TL;DR: When you stick Azure Front Door (AFD) in front of a Sitecore Headless (JSS) app on Next.js, your app starts seeing AFD’s host instead of the original domain. Use x-forwarded-host (and x-forwarded-proto) to resolve the correct site and to generate absolute URLs for sitemap.xml and robots.txt.


Why this matters

  • Site resolution: Sitecore JSS typically chooses a site from the Host header. Behind AFD, that value is AFD’s endpoint (e.g., myapp-afd.azurefd.net) rather than your vanity domain (e.g., www.example.com), breaking multisite mapping.
  • SEO endpoints: sitemap.xml and robots.txt must emit the public URLs (scheme + host) or search engines index the wrong domain.

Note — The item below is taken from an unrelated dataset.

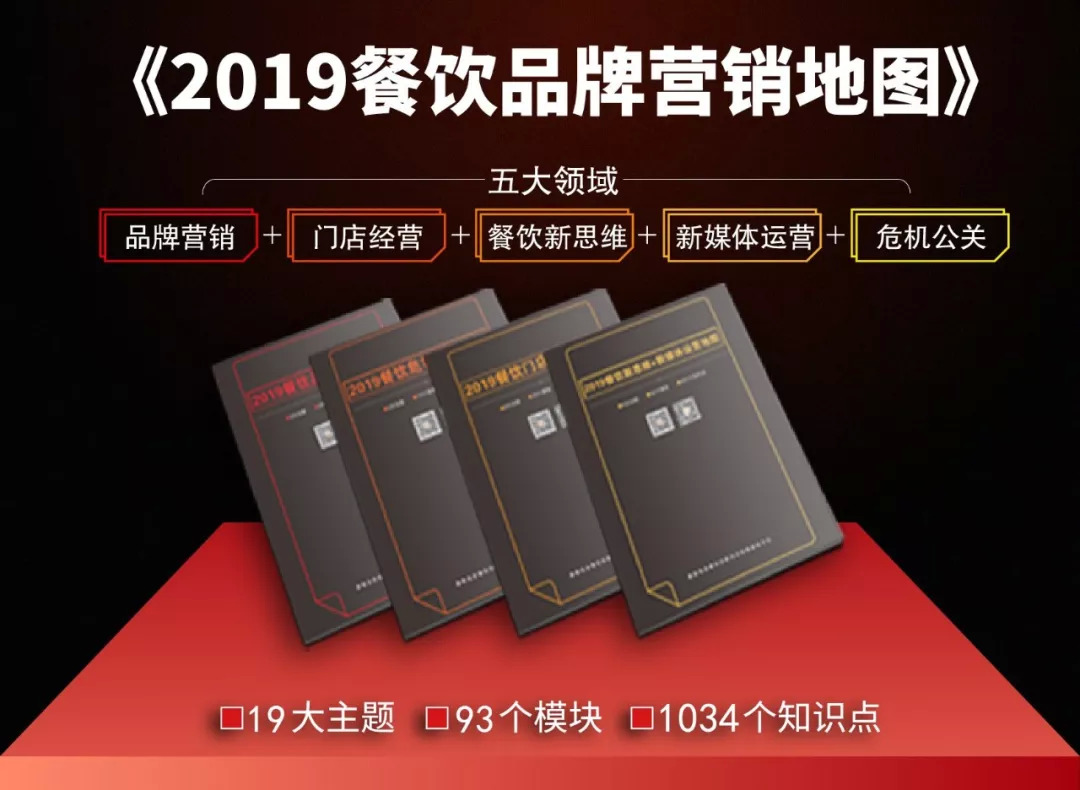 果斷收藏：4大導師，歷時3個月提煉的1034個餐飲知識點！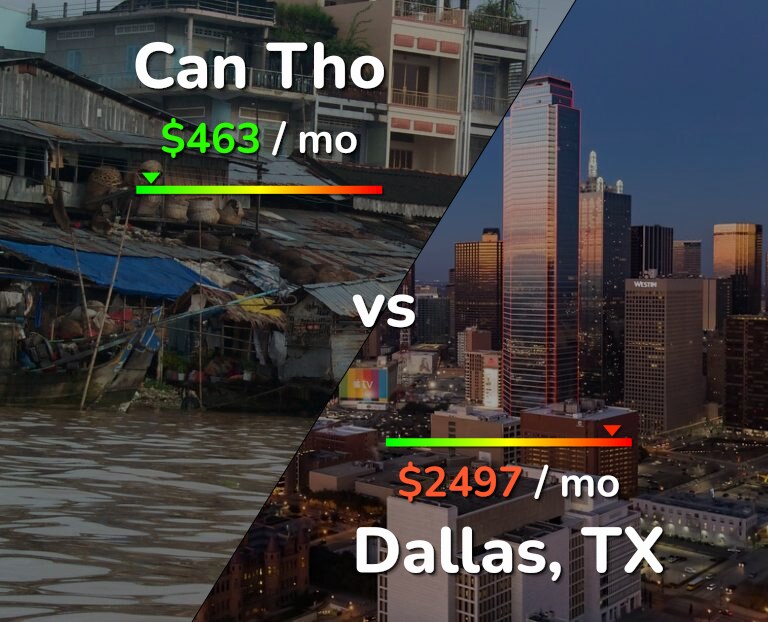 Cost of living in Can Tho vs Dallas infographic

AFD forwards the original request host in x-forwarded-host and the scheme in x-forwarded-proto. We can read those to restore the “real” request context.


What I changed

I made three small but important tweaks:

  1. Middleware (multisite)

    • Read x-forwarded-host
    • Resolve the Sitecore site by that host
    • Set req.headers.host to the resolved site host before the built-in MultisiteMiddleware runs
  2. /api/sitemap.xml

    • Resolve the site using x-forwarded-host
    • Keep GraphQL sitemap fetching intact
  3. /api/robots.txt

    • Resolve the site using x-forwarded-host
    • Return site-specific robots content via GraphQL

The code

1) Multisite middleware plugin

This ensures the first middleware sets the correct host, so all subsequent middlewares (including Sitecore’s MultisiteMiddleware) “see” the right site.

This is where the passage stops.